I think about this a lot. I’m lucky in my current job in that I develop recipes, and thus cook a lot. But I do it for a home-cooking audience, which is different than restaurant food. And now it’s been more than ten years since I’ve worked in restaurants, so in a lot of ways I can feel that particular edge fading. I still have that experience and insight, which helps me tremendously with what I do, but my habits aren’t as honed and meticulous as a restaurant cook’s at this point. I’m meticulous about certain things—how I develop recipes, how I research and test them, how I write them to maximize the chances of success for a person who follows them—but that’s a very different focus than just on really precise, fancy cooking. Sometimes I wish I could find the time to go stage in some of the top restaurants right now, just to keep myself a little more sharp on those fronts.

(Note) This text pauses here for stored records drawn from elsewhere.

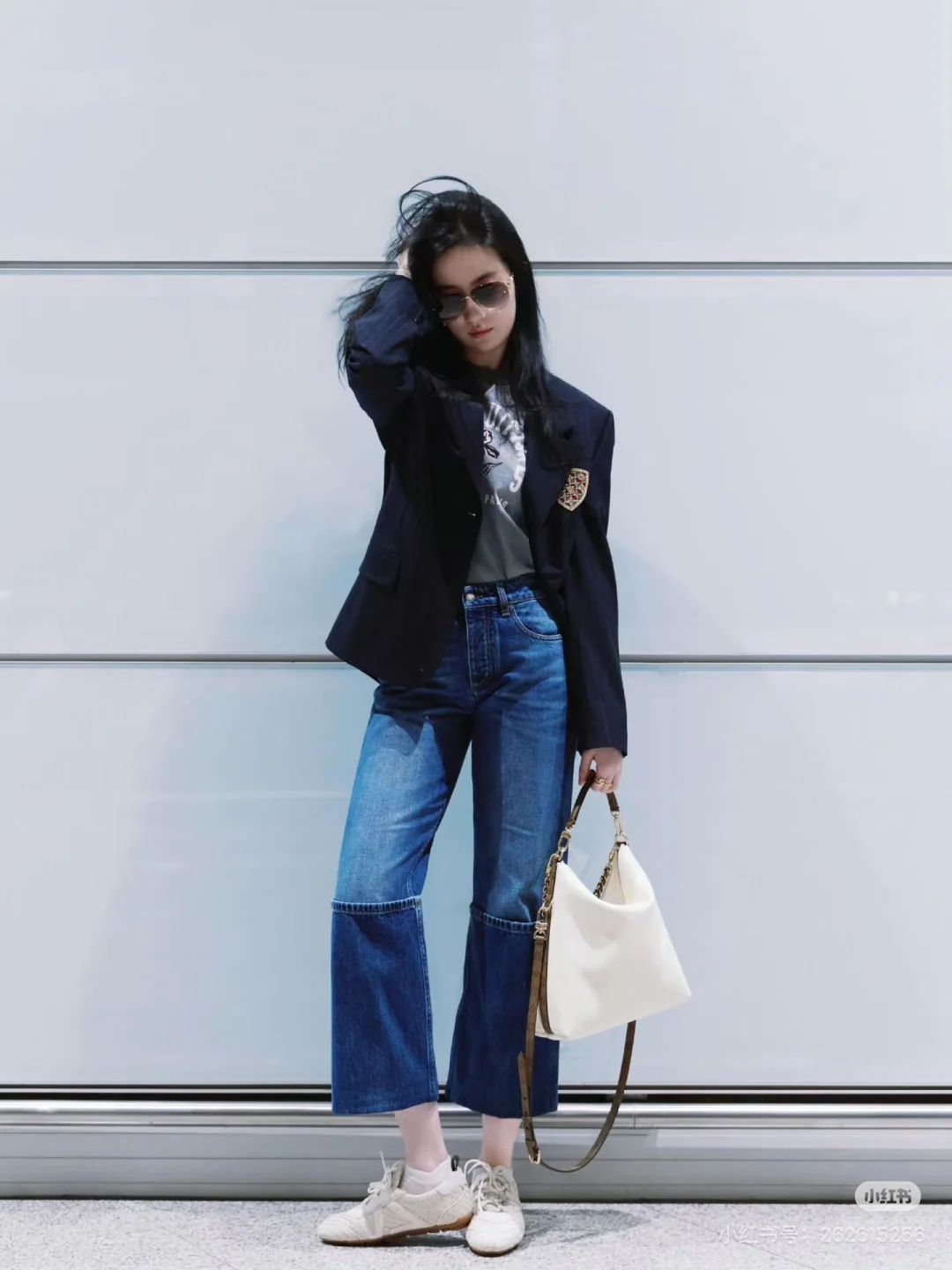 High-top rolled-up denim jeans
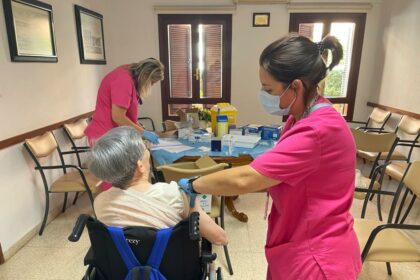 Vacunación antigripal a un niño en la Comunitat Valenciana
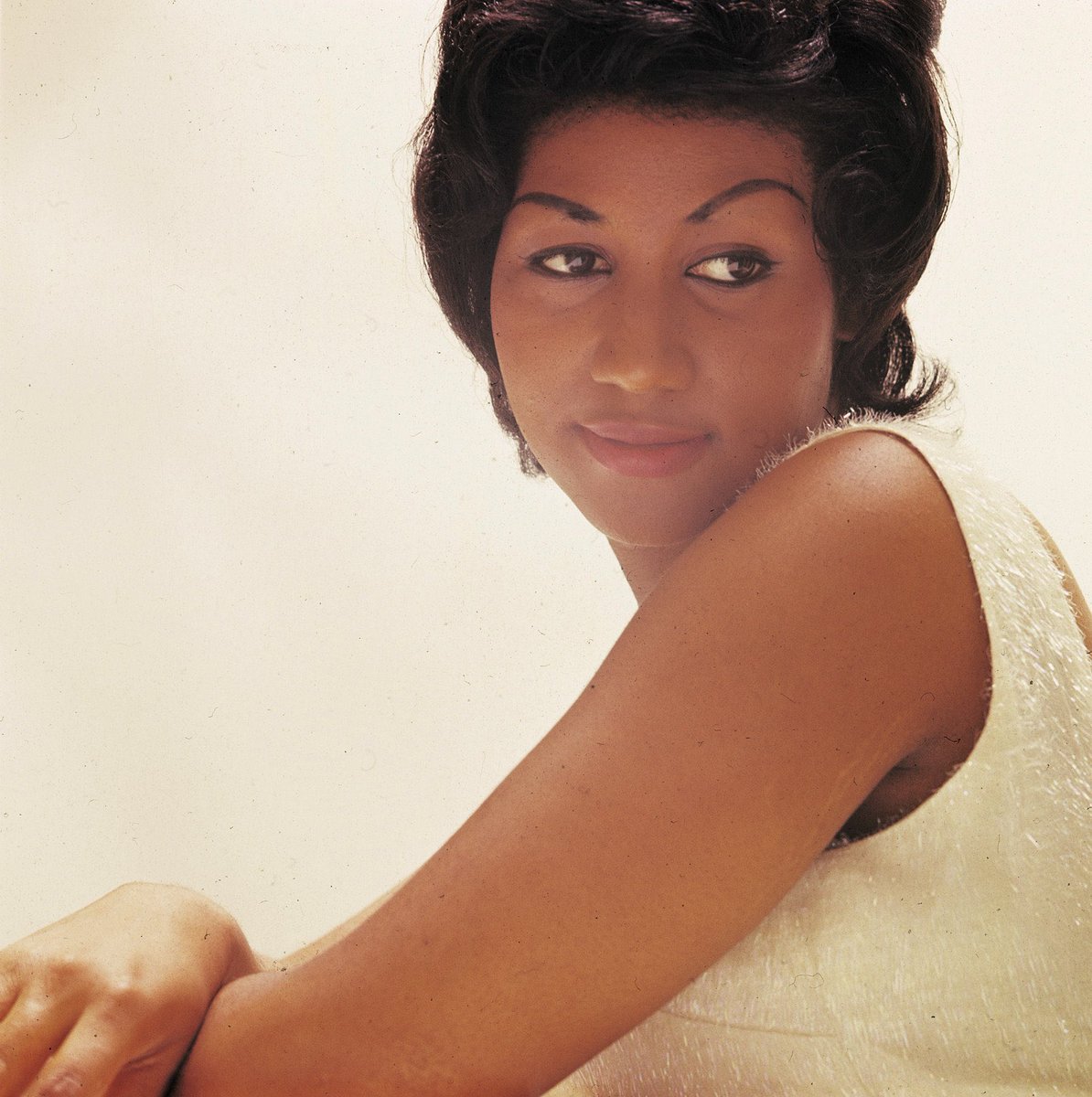 blkgirlculture's tweet photo. Happy Birthday to the Queen of Soul, Ms. Aretha Franklin🕊💕 https://t.co/wxwQZloPZY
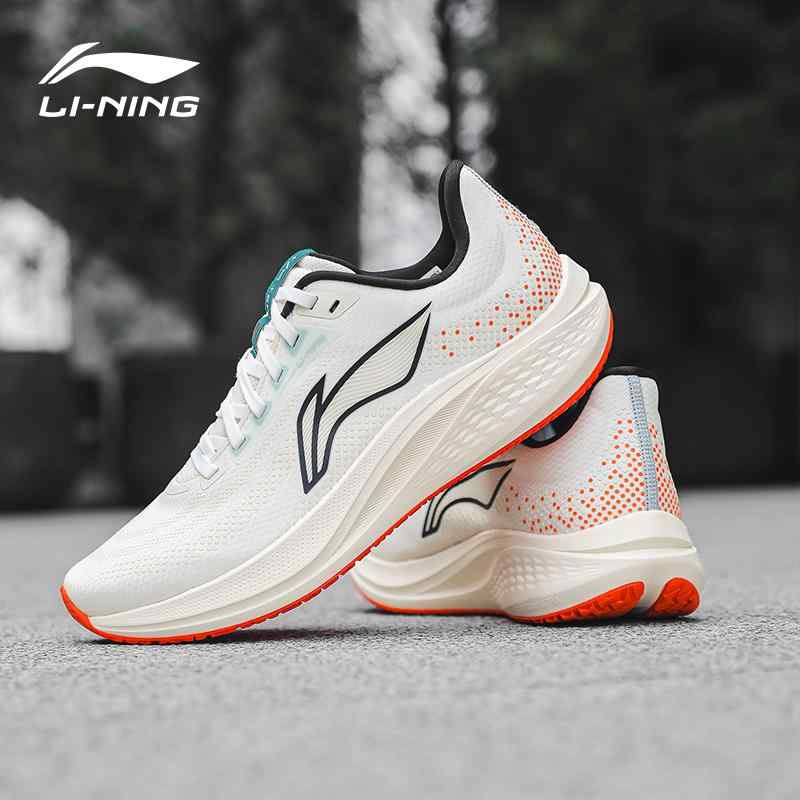 フィットネスシューズ 軽量 室内 ジム シューズ　ランニング　スポーツ Li Ning Chitu 7 Pro ランニン..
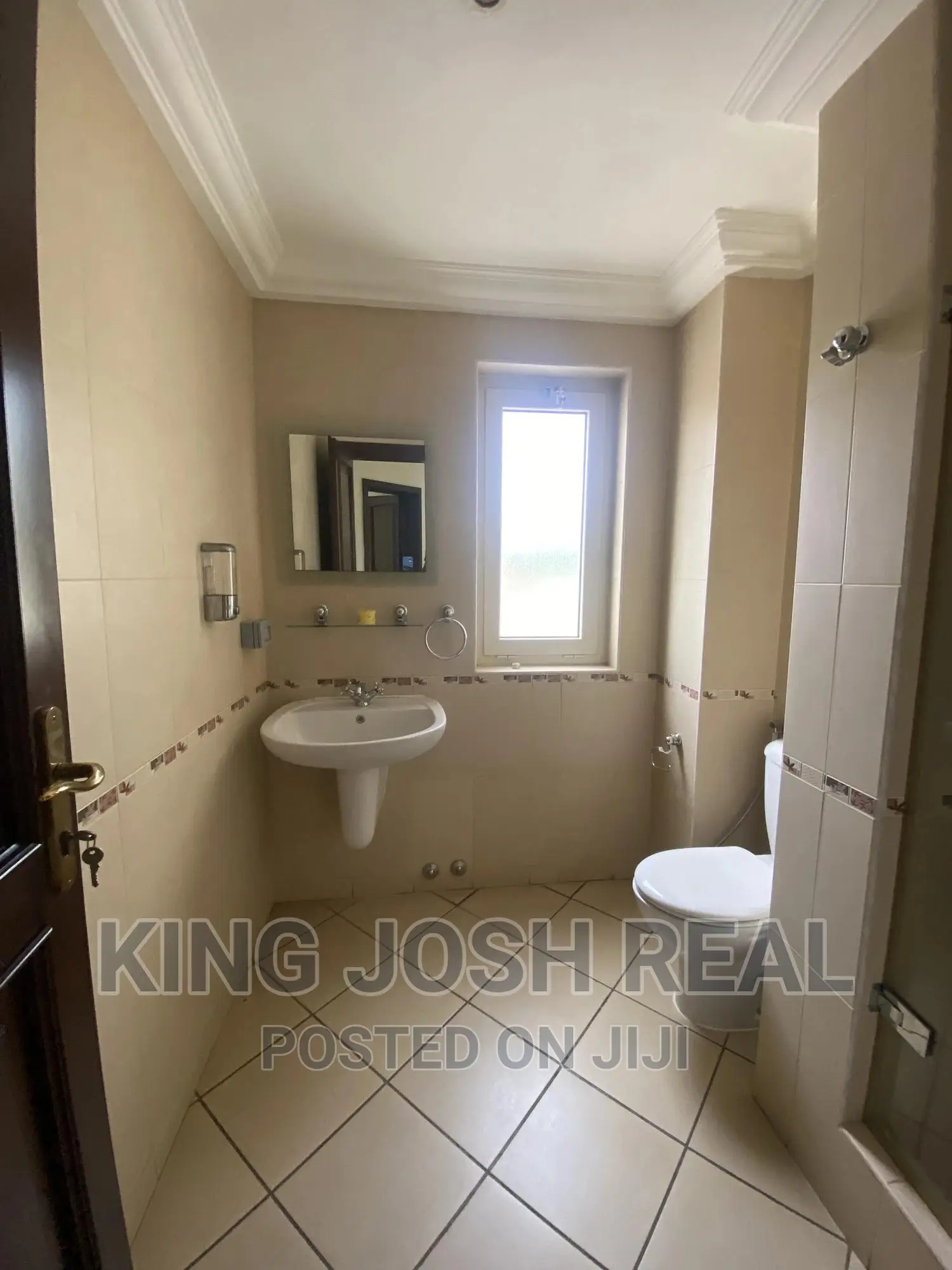 3bdrm Apartment in Villagio, Airport Residential Area for rent in Airport Residential Area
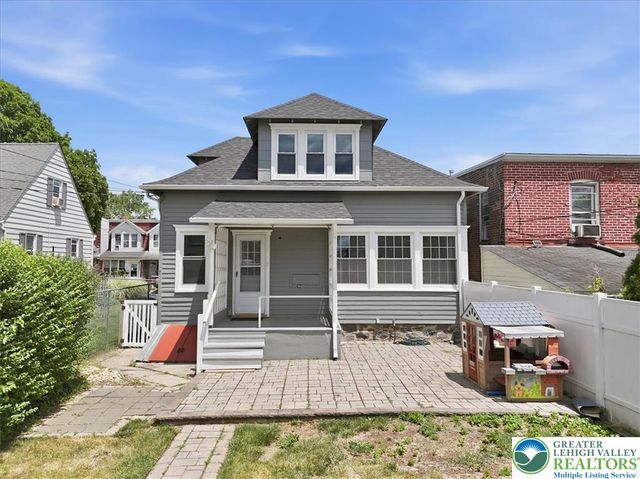 1114 South 10th Street, Allentown City, PA 18103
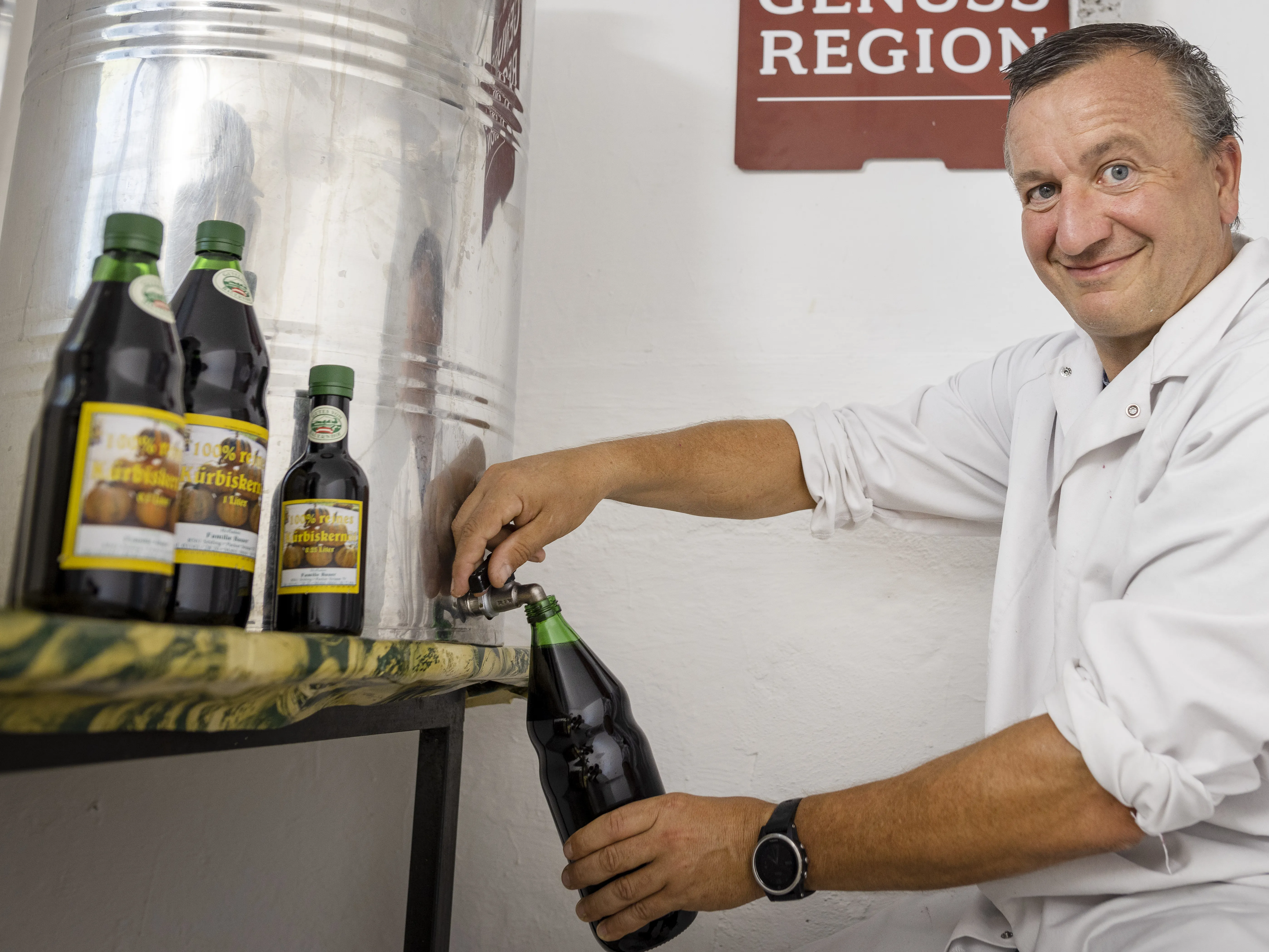 Kürbiskernöl abfüllen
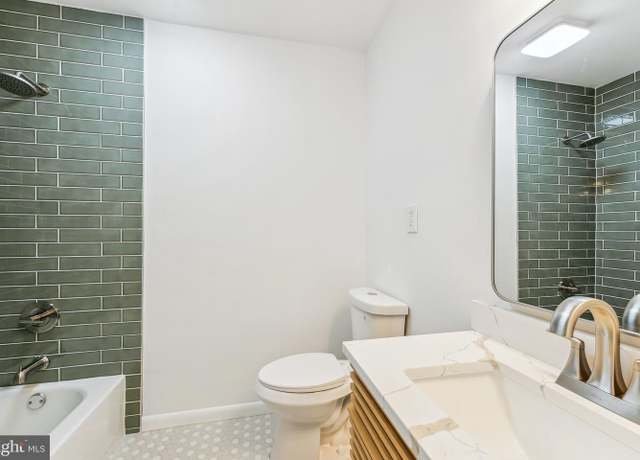 Property at 8200 Bernard Dr, Fort Washington, MD 20744, 5 beds, 3 baths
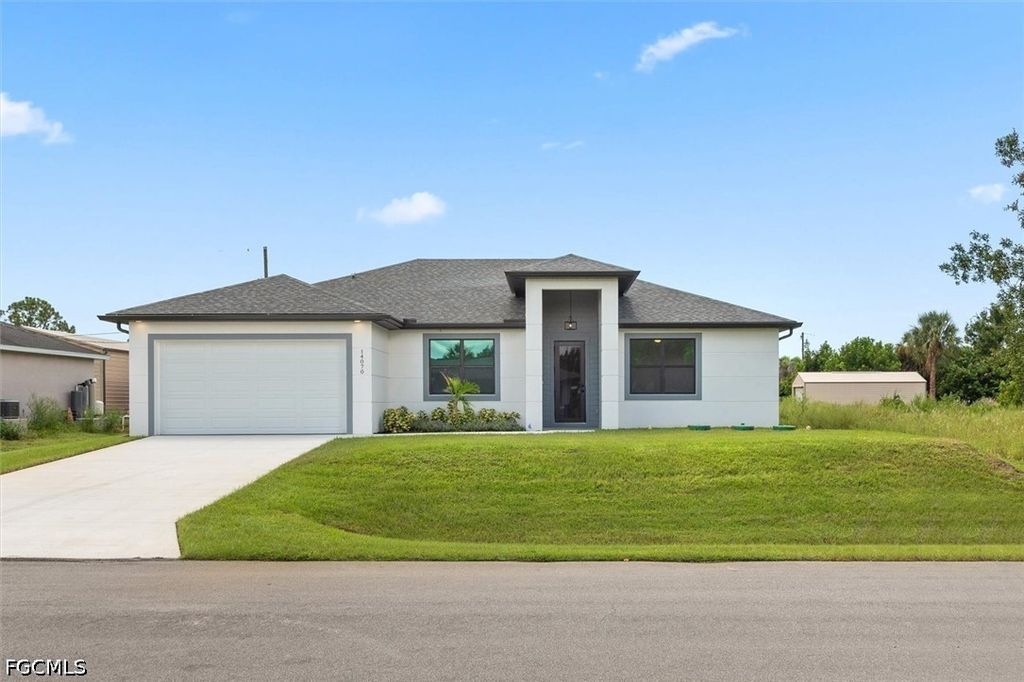 14070 Cedardale St, Fort Myers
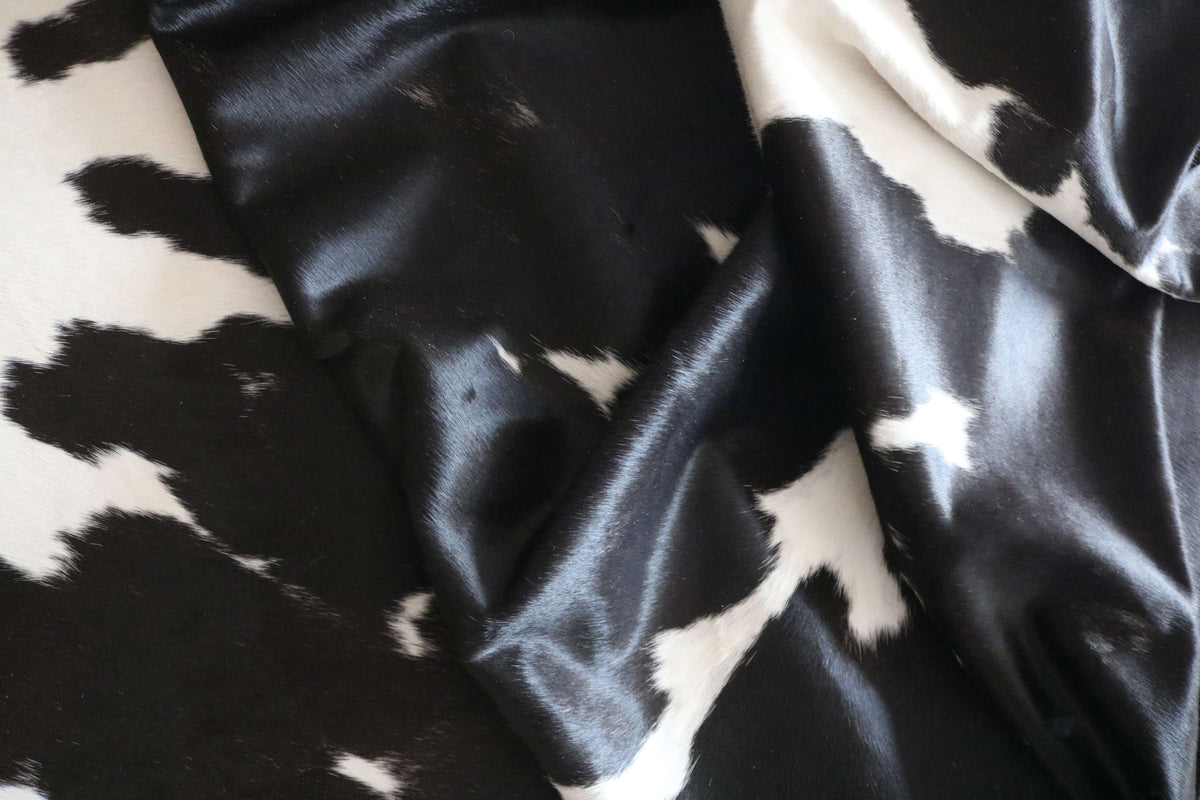 100338- SUPER BIG SIZE XXXL WHITE & BLACK Cowhide Rug - Quebecuir Premium Collection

4. Who is your biggest inspiration as to how you got into the field of food?

This is hard to answer because there are so many people who have influenced me along the way. Ultimately, I think there were certain authors who wrote about food whose work I enjoyed so much, and their writing would make me wish I could do what they were doing. People like Maraget Visser, who doesn’t get enough praise, and Jeffrey Steingarten, and Clifford Wright, just to name a few. I had mentors in restaurants too, including the chefs I worked for (David Waltuck, Cesare Casella, Didier Virot, and more), as well as people I didn’t work for, but who really set such great examples, like Mark Ladner.

5. What’s your number one piece of advice to all restaurant owners?

This is hard to answer because, while I worked as a sous chef and have experience running kitchens when the executive chef was away, I’ve never run my own restaurant. So my perspective is limited from an operations point of view. Right now, I’d say it’s more important than ever to abandon the old ways of doing things—the yelling, the abuse of cooks and staff members, the breaking people down under the questionable belief that it’s all to build them back up again. Kitchens need to move on from the past and professionalize in terms of how people behave, from the top down. Build a new, better culture, teach by example. If you lapse and berate someone more than you should, maybe it’s an opportunity to apologize, to tell the staff you’re sorry and that it’s not how you think things should be handled; that you’re making an effort to do better. Create an environment that is supportive of everyone (while still expecting people to work hard, give their all, work as a team, and strive to improve every minute of every day). On the customer side, having served on occasion as a food critic, I would say to be very careful about how you treat all customers. It’s not uncommon that the person making the most ridiculous requests is actually there to write a review, or is scoping the place out for a story. Usually not, but man, you don’t want to be rude to someone who might lead to good press if only you’d granted an odd request. Plus, that’s just good service-industry practice anyway. Don’t sacrifice your own standards or do things that are unreasonable, but if you can accommodate a guest, do it, why not? And if you can’t? Be gracious, maybe offer something else instead. You never know who that person may be.

6. For fun – what is your absolute favorite meal?

Impossible to pick. I love too many different things.